| What you have to do |
Exact reproduction of all the entries is required, without any of their pictures.

START Data in this exercise

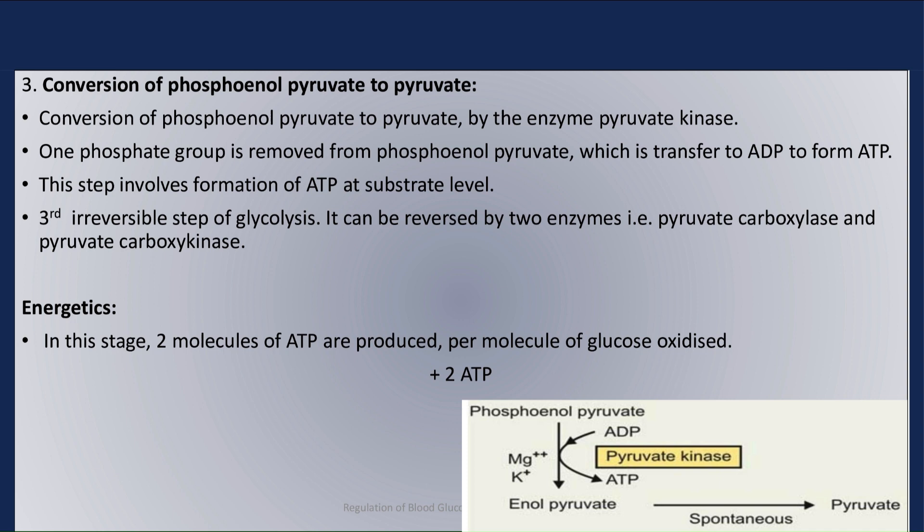This step can be reversed by two enzymes of gluconeogenesis: pyruvate carboxylase and pyruvate carboxykinase. In this stage, two molecules of ATP are produced per molecule of glucose oxidized.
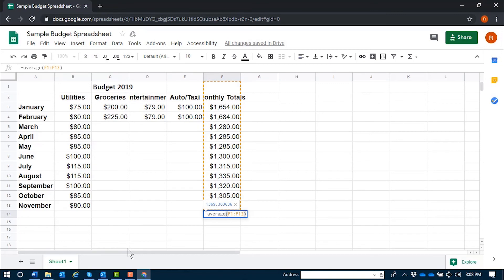I've included all the cells I'd like averaged within this function — this entire column is included. The formula entered is equals average left paren F1 colon F13 right paren. The result: you have formula semicolon one thousand three hundred sixty-nine point three six three six three six. And that is the average for monthly totals.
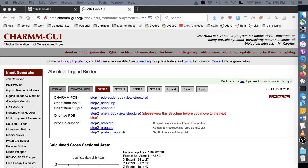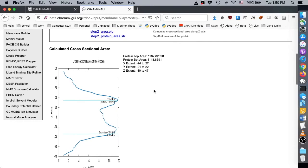On this page, we can check the calculated cross-sectional area along the z-axis. Make sure to click View Structure to ensure that the protein was properly positioned within the membrane.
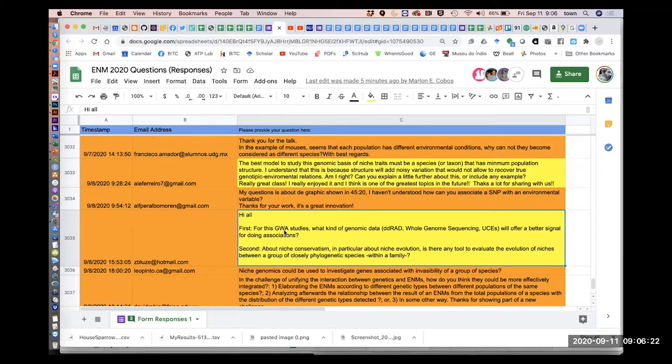For these GWAS studies, what kind of genomic data will offer a better signal for doing associations? In our study, the SNPs we used came from whole genome sequencing data, which is ideal because you get the densest coverage of the genome in terms of SNPs that you can discover. You'd want to avoid something like UCEs, where we know there's bias in the specific regions of the genome being targeted. It can definitely be done with RADseq data, where you're getting theoretically an unbiased around 1–2% of the genome covered.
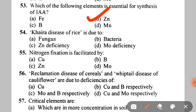Next: Khaira disease of rice is due to A. Fungus, B. Bacteria, C. Zn deficiency, D. Molybdenum deficiency. The correct answer is C — Zn (Zinc) deficiency. Next: nitrogen fixation is facilitated by A. Copper, B. Boron, C. Zinc, D. Molybdenum. The correct answer is D — Molybdenum.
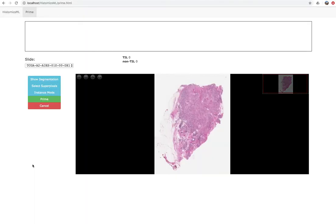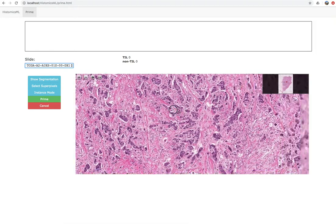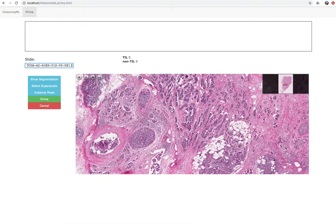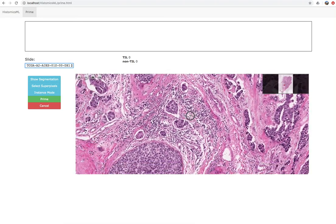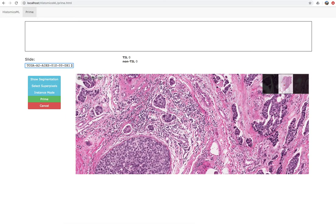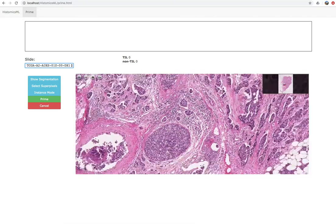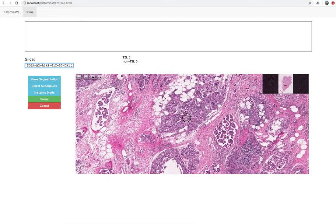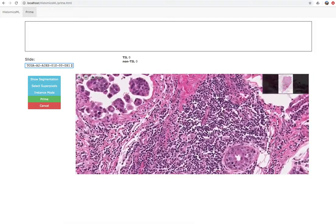The first task in active learning is to provide training examples to initialize the classifier — we call this process priming. On this page we have a whole slide image viewer where you can select slides and explore their contents. Use the mouse wheel to adjust the magnification, and click the mouse button and drag to pan the slide. Here we're looking at a breast cancer slide containing a large number of lymphocytes that appear as small dark mononuclear cells. These will be our tumor infiltrating lymphocytes that we're trying to develop a classifier for.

END Data in this exercise

| Expected answer |
This step can be reversed by two enzymes of gluconeogenesis: pyruvate carboxylase and pyruvate carboxykinase. In this stage, two molecules of ATP are produced per molecule of glucose oxidized.
I've included all the cells I'd like averaged within this function — this entire column is included. The formula entered is equals average left paren F1 colon F13 right paren. The result: you have formula semicolon one thousand three hundred sixty-nine point three six three six three six. And that is the average for monthly totals.
On this page, we can check the calculated cross-sectional area along the z-axis. Make sure to click View Structure to ensure that the protein was properly positioned within the membrane.
For these GWAS studies, what kind of genomic data will offer a better signal for doing associations? In our study, the SNPs we used came from whole genome sequencing data, which is ideal because you get the densest coverage of the genome in terms of SNPs that you can discover. You'd want to avoid something like UCEs, where we know there's bias in the specific regions of the genome being targeted. It can definitely be done with RADseq data, where you're getting theoretically an unbiased around 1–2% of the genome covered.
Next: Khaira disease of rice is due to A. Fungus, B. Bacteria, C. Zn deficiency, D. Molybdenum deficiency. The correct answer is C — Zn (Zinc) deficiency. Next: nitrogen fixation is facilitated by A. Copper, B. Boron, C. Zinc, D. Molybdenum. The correct answer is D — Molybdenum.
The first task in active learning is to provide training examples to initialize the classifier — we call this process priming. On this page we have a whole slide image viewer where you can select slides and explore their contents. Use the mouse wheel to adjust the magnification, and click the mouse button and drag to pan the slide. Here we're looking at a breast cancer slide containing a large number of lymphocytes that appear as small dark mononuclear cells. These will be our tumor infiltrating lymphocytes that we're trying to develop a classifier for.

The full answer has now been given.